Y aquí estamos los fiscales, controlando sin control, a quien no podemos controlar, pues la estructura del sistema le hace incontrolable, y pese a ello con más voluntarismo que eficacia, nos hemos lanzado a la vorágine del cumplimiento de una ley que como la del siglo XIX, sigue siendo imposible de cumplir y que además nos coloca ante la esquizofrenia, de quién a sabiendas de que no puede cumplirla, sin embargo se obstina hasta la extenuación en hacerlo.

Una justicia moderna, dispondría de métodos y aplicaciones operativamente actuales, pero las nuestras, desde luego no responden a las necesidades que con las mismas se pretende cubrir, y además el control es la última de sus ratios.

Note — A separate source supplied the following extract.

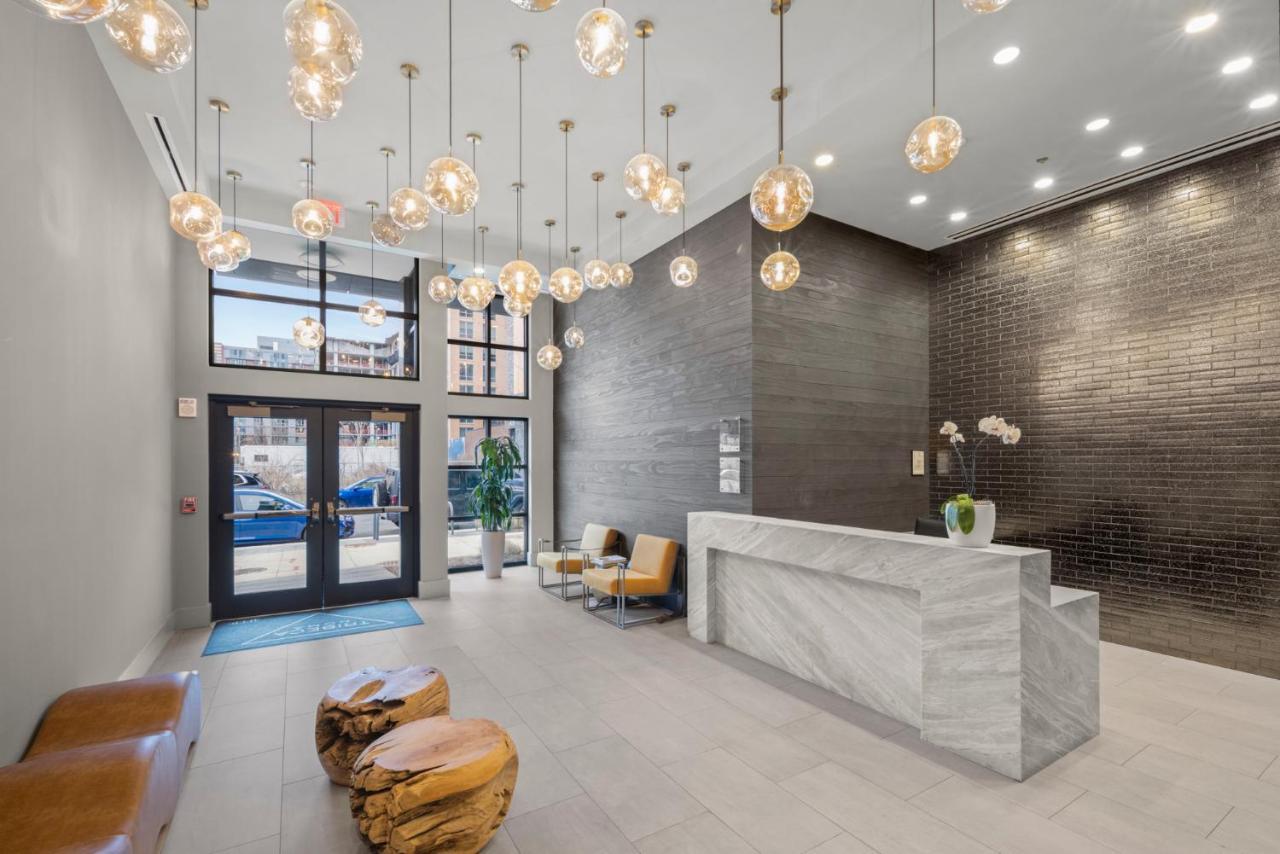 Global Luxury Suites At Tribeca واشنطن المظهر الخارجي الصورة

Por otra parte no se relacionan entre sí, y su uso no ha sido objeto de controles de calidad que pongan en evidencia sus disfuncionalidades estadísticas.

La fijación del plazo máximo, establecido con el vigor que se deduce de la ley supone una potestad, casi excesiva atribuida al fiscal de solicitar las prórrogas, de forma que el juez no parece poseer esa iniciativa de motu propio. En síntesis, el control de su casa, es atribuido a un tercero, que no posee el conocimiento preciso de lo que su casa contiene. Es fácil deducir la gravedad de la situación, pues nos ha colocado ante la existencia de un nuevo trámite -eso es fundamentalmente la necesidad de solicitar la prórroga, un nuevo trámite-; de forma, que esa petición y la autorización de la misma, es susceptible de ser recurrida, como así está ocurriendo, o de ser denegada, como también está ocurriendo, y en ambos casos supone paralización o retardo, traslados y contestaciones, y por supuesto más tiempo, y más papel.

Si se busca agilizar el sistema, lo idóneo es reducir sus trámites; pues esto es lo que a todas luces sobra en la norma, pero optar por una solución absolutamente contraria, so pretexto del control, no obedece a ninguna coherencia.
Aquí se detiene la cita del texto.